- **What you have to do**: Nothing should be output except the lines from the top of the material below through the line that contains "Hanging Clip-It Photo It's A Florida Gators", each exactly as written.
### Records for processing
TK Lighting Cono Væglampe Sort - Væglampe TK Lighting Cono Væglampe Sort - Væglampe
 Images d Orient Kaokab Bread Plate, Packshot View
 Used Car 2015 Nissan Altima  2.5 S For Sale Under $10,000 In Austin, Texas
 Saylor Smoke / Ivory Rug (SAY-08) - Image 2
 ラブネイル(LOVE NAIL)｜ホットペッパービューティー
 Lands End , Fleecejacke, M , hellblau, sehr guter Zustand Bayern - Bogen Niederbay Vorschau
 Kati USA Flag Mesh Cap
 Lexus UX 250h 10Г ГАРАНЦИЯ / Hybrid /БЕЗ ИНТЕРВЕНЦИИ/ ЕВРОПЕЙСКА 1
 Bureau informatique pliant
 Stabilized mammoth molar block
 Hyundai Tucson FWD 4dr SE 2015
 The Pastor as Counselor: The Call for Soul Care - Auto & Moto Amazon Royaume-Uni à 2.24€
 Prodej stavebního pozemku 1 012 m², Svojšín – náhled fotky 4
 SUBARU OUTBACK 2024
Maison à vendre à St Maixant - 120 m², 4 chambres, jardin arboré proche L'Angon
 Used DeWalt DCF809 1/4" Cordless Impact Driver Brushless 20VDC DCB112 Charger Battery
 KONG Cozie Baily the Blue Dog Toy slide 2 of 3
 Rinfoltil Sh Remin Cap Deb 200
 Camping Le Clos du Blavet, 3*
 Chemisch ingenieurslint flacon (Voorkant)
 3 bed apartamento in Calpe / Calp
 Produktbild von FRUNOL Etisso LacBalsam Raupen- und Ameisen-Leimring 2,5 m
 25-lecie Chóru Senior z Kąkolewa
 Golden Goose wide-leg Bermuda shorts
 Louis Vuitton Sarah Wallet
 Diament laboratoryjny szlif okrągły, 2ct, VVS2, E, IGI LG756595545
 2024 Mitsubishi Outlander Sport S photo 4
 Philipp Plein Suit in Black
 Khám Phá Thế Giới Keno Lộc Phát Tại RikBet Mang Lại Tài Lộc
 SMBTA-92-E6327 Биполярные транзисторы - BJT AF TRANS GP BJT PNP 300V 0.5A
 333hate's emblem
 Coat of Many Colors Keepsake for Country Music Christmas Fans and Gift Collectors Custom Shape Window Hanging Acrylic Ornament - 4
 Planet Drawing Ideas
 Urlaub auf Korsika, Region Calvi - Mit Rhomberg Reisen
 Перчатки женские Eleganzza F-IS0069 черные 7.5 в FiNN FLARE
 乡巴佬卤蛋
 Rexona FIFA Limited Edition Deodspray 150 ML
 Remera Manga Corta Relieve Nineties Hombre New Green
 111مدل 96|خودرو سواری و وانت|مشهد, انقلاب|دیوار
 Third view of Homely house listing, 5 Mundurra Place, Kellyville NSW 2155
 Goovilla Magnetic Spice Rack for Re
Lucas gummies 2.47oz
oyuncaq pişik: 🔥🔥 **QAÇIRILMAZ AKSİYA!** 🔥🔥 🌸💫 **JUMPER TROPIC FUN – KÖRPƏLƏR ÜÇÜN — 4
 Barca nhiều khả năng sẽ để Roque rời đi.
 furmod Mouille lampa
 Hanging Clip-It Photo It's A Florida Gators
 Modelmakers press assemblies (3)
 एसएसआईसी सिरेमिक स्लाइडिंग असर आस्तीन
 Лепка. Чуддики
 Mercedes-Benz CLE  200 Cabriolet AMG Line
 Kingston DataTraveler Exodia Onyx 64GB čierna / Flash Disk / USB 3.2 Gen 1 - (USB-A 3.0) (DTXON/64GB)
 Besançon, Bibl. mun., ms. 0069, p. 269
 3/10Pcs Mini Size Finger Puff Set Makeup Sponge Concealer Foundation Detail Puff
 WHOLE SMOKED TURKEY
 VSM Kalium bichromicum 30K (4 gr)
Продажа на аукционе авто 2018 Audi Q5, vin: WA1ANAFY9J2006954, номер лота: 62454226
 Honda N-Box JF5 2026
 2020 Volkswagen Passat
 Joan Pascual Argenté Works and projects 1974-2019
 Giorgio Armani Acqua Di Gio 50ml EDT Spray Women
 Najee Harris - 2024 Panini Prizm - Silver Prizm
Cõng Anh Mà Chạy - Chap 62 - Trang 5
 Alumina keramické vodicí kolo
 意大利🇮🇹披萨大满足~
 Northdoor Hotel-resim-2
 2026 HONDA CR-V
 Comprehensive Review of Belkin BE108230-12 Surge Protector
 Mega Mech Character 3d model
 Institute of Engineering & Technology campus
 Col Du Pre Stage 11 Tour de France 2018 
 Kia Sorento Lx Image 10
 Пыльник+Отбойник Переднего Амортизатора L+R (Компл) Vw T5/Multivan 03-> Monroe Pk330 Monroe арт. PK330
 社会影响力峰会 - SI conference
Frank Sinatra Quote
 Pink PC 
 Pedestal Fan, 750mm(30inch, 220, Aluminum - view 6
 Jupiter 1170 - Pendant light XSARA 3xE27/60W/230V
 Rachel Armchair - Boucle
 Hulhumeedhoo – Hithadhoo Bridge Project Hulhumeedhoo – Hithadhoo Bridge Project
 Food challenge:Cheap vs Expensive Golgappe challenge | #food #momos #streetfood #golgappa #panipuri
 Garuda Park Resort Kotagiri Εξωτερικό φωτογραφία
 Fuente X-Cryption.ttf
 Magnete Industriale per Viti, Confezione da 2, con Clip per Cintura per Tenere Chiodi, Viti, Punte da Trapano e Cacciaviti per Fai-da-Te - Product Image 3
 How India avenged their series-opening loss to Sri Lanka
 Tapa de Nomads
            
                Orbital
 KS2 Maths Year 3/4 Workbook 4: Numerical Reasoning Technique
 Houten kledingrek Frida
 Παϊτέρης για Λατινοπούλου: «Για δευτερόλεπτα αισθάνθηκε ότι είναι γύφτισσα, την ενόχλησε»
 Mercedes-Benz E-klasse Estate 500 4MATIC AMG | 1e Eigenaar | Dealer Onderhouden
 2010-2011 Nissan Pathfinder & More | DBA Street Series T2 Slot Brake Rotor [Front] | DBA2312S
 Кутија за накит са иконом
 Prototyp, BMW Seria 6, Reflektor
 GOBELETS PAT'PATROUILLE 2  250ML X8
######
- **Solution**:
TK Lighting Cono Væglampe Sort - Væglampe TK Lighting Cono Væglampe Sort - Væglampe
 Images d Orient Kaokab Bread Plate, Packshot View
 Used Car 2015 Nissan Altima  2.5 S For Sale Under $10,000 In Austin, Texas
 Saylor Smoke / Ivory Rug (SAY-08) - Image 2
 ラブネイル(LOVE NAIL)｜ホットペッパービューティー
 Lands End , Fleecejacke, M , hellblau, sehr guter Zustand Bayern - Bogen Niederbay Vorschau
 Kati USA Flag Mesh Cap
 Lexus UX 250h 10Г ГАРАНЦИЯ / Hybrid /БЕЗ ИНТЕРВЕНЦИИ/ ЕВРОПЕЙСКА 1
 Bureau informatique pliant
 Stabilized mammoth molar block
 Hyundai Tucson FWD 4dr SE 2015
 The Pastor as Counselor: The Call for Soul Care - Auto & Moto Amazon Royaume-Uni à 2.24€
 Prodej stavebního pozemku 1 012 m², Svojšín – náhled fotky 4
 SUBARU OUTBACK 2024
Maison à vendre à St Maixant - 120 m², 4 chambres, jardin arboré proche L'Angon
 Used DeWalt DCF809 1/4" Cordless Impact Driver Brushless 20VDC DCB112 Charger Battery
 KONG Cozie Baily the Blue Dog Toy slide 2 of 3
 Rinfoltil Sh Remin Cap Deb 200
 Camping Le Clos du Blavet, 3*
 Chemisch ingenieurslint flacon (Voorkant)
 3 bed apartamento in Calpe / Calp
 Produktbild von FRUNOL Etisso LacBalsam Raupen- und Ameisen-Leimring 2,5 m
 25-lecie Chóru Senior z Kąkolewa
 Golden Goose wide-leg Bermuda shorts
 Louis Vuitton Sarah Wallet
 Diament laboratoryjny szlif okrągły, 2ct, VVS2, E, IGI LG756595545
 2024 Mitsubishi Outlander Sport S photo 4
 Philipp Plein Suit in Black
 Khám Phá Thế Giới Keno Lộc Phát Tại RikBet Mang Lại Tài Lộc
 SMBTA-92-E6327 Биполярные транзисторы - BJT AF TRANS GP BJT PNP 300V 0.5A
 333hate's emblem
 Coat of Many Colors Keepsake for Country Music Christmas Fans and Gift Collectors Custom Shape Window Hanging Acrylic Ornament - 4
 Planet Drawing Ideas
 Urlaub auf Korsika, Region Calvi - Mit Rhomberg Reisen
 Перчатки женские Eleganzza F-IS0069 черные 7.5 в FiNN FLARE
 乡巴佬卤蛋
 Rexona FIFA Limited Edition Deodspray 150 ML
 Remera Manga Corta Relieve Nineties Hombre New Green
 111مدل 96|خودرو سواری و وانت|مشهد, انقلاب|دیوار
 Third view of Homely house listing, 5 Mundurra Place, Kellyville NSW 2155
 Goovilla Magnetic Spice Rack for Re
Lucas gummies 2.47oz
oyuncaq pişik: 🔥🔥 **QAÇIRILMAZ AKSİYA!** 🔥🔥 🌸💫 **JUMPER TROPIC FUN – KÖRPƏLƏR ÜÇÜN — 4
 Barca nhiều khả năng sẽ để Roque rời đi.
 furmod Mouille lampa
 Hanging Clip-It Photo It's A Florida Gators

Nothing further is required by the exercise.